Types of Mining or Minting:
1.Can I mine Nexus? Yes, there are 2 channels that you can use to mine Nexus, and 1 channel of minting: Prime Mining Channel This mining channel looks for a special prime cluster of a set length. This type of calculation is resistant to ASIC mining, allowing for greater decentralization. This is most often performed using the CPU. Hashing Channel This channel utilizes the more traditional method of hashing. This process adds a random nonce, hashes the data, and compares the resultant hash against a predetermined format set by the difficulty. This is most often performed using a GPU. Proof of Stake (nPoS) Staking is a form of mining NXS. With this process, you can receive NXS rewards from the network for continuously operating your node (wallet). It is recommended that you only stake with a minimum balance of 1000 NXS. It’s not impossible to stake with less, but it becomes harder to maintain trust. Losing trust resets the interest rate back to 0.5% per annum.
2. How do I mine Nexus? As outlined above, there are two types of mining and 1 proof of stake. Each type of mining uses a different component of your computer to find blocks, the CPU or the GPU. Nexus supports CPU and GPU mining on Windows only. There are also third-party macOS builds available. Please follow the instructions below for the relevant type of miner.

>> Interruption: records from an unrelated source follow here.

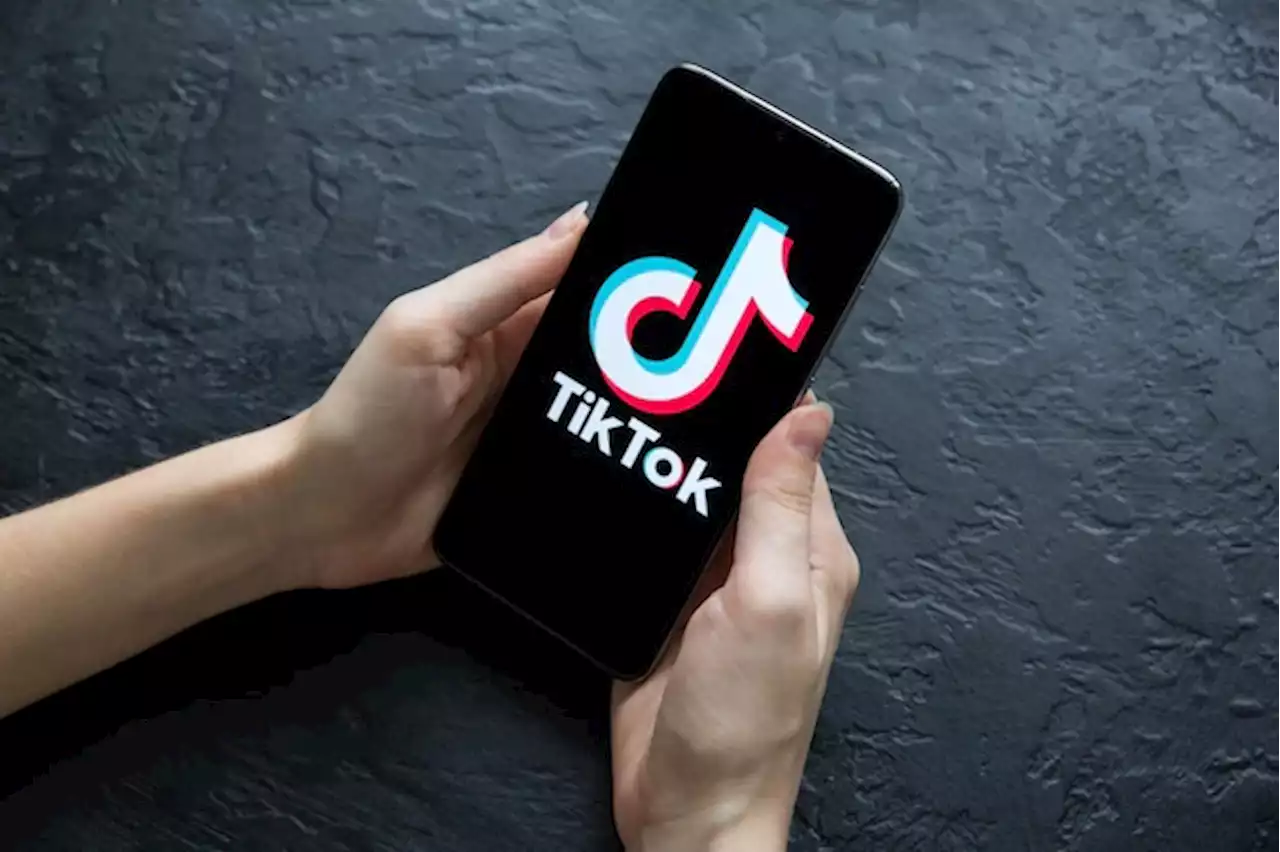 Bytedance Ungkap Sebagian Karyawan Tiktok Dapat Data Pengguna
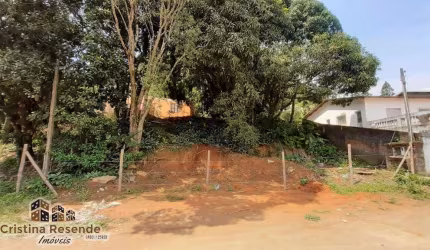 Terreno à venda no Capricórnio I, Caraguatatuba , 631 m2 por R$ 320.000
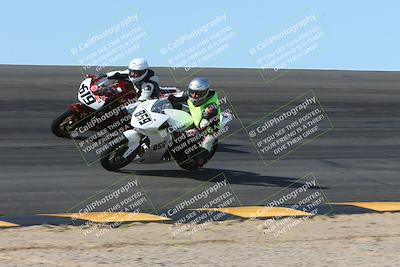media/Mar-10-2024-SoCal Trackdays (Sun) [[6228d7c590]]/2-Bowl (10am)/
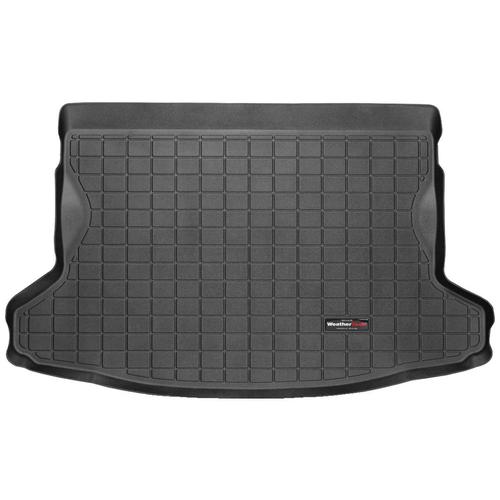 Cargo Liner All Weather Boot Liner Subaru Impreza (4th Generation)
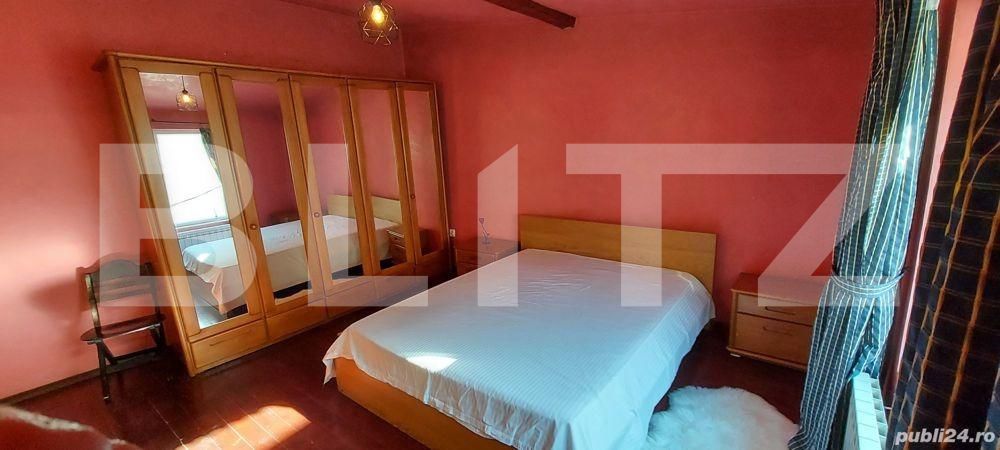 Apartament de vânzare 2 camere Ultracentral - 108780AV | BLITZ București | Poza5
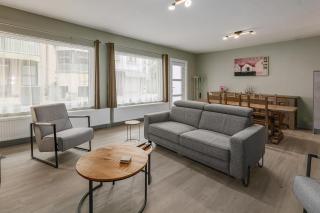 Les Almohades Gv01 - 0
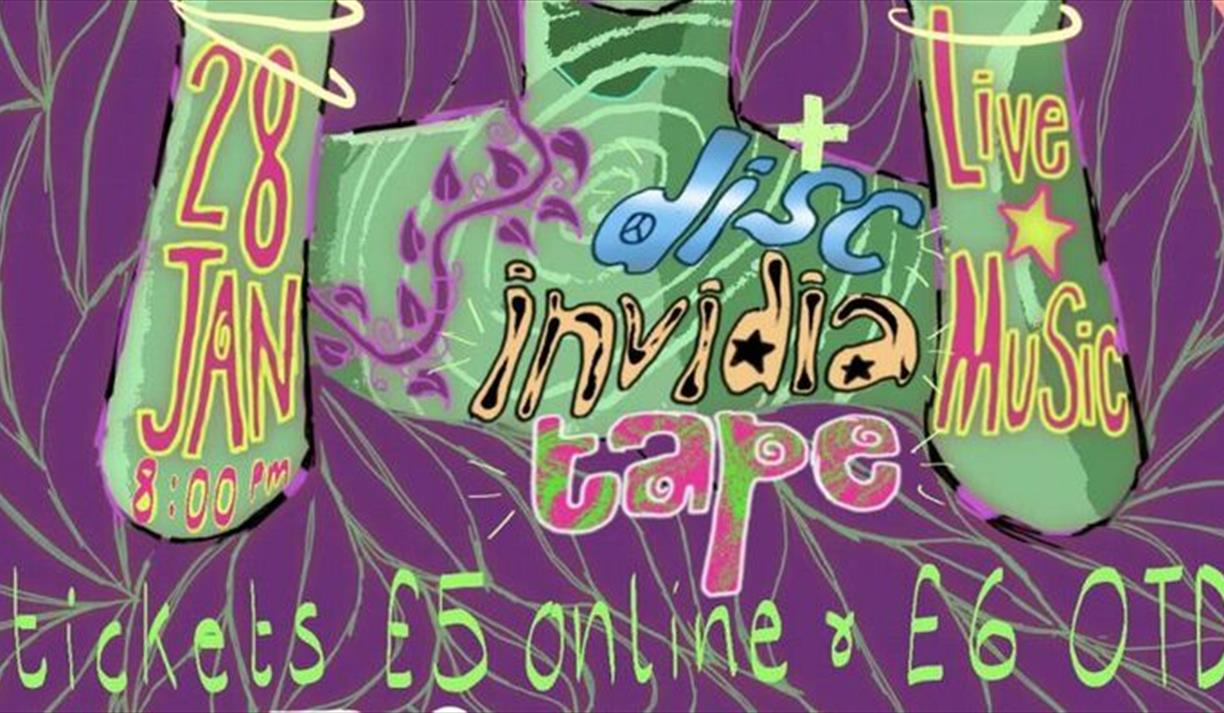 Kudzu at Pipeline 28th January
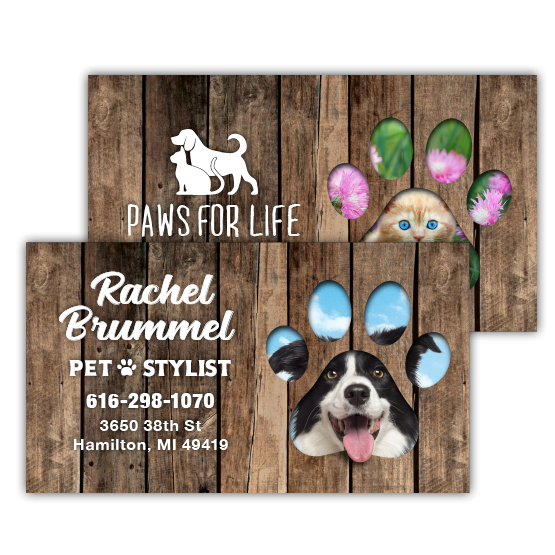 Barnwood (animals) thumbnail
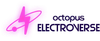Octopus Energy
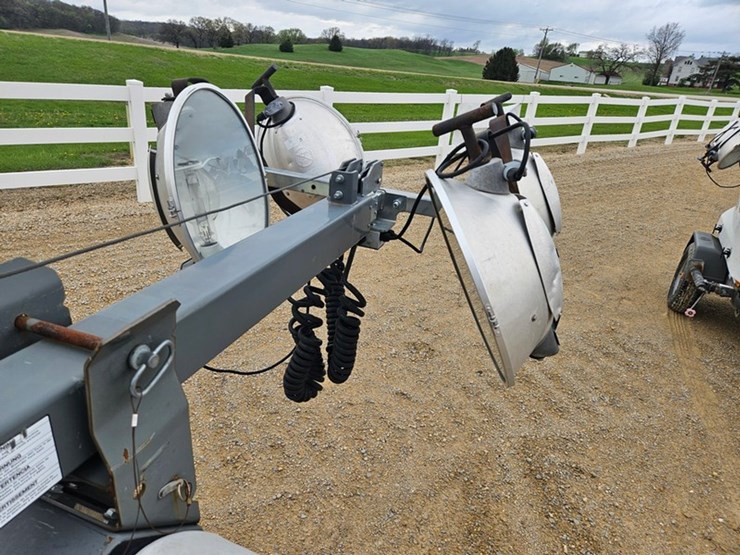 2014-wacker-neuson-ltn-6-image-13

Prime Mining: Almost every CPU is capable of mining blocks on this channel. The most effective method of mining is to join a mining pool and receive a share of the rewards based on the contribution you make. To create your own mining facility, you need the CPU mining software, and a NXS address. This address cannot be on an exchange. You create an address when you install your Nexus wallet. You can find the related steps under How Do I Install the Nexus Wallet? Please download the relevant miner from http://nexusearth.com/mining.html. Please note that there are two different miner builds available: the prime solo miner and the prime pool miner. This guide will walk you through installing the pool miner only. Step 1 - Extract the archive file to a folder. Step 2 - Open the miner.conf file. You can use the default host and port, but these may be changed to a pool of your choice. You will need to change the value of nxs_address to the address found in your wallet. Sieve_threads is the number of CPU threads you want to use to find primes. Ptest_threads is the number of CPU threads you want to test the primes found by the sieve. As a general rule, the number of threads used for the sieve should be 75% of the threads used for testing. It is also recommended to add the following line to the options found in the .conf file: "experimental" : "true" This option enables the miner to use an improved sieve algorithm which will enable your miner to find primes at a faster rate. Step 3 - Run the nexus_cpuminer.exe file. For a description of the information shown in this application, please read this guide.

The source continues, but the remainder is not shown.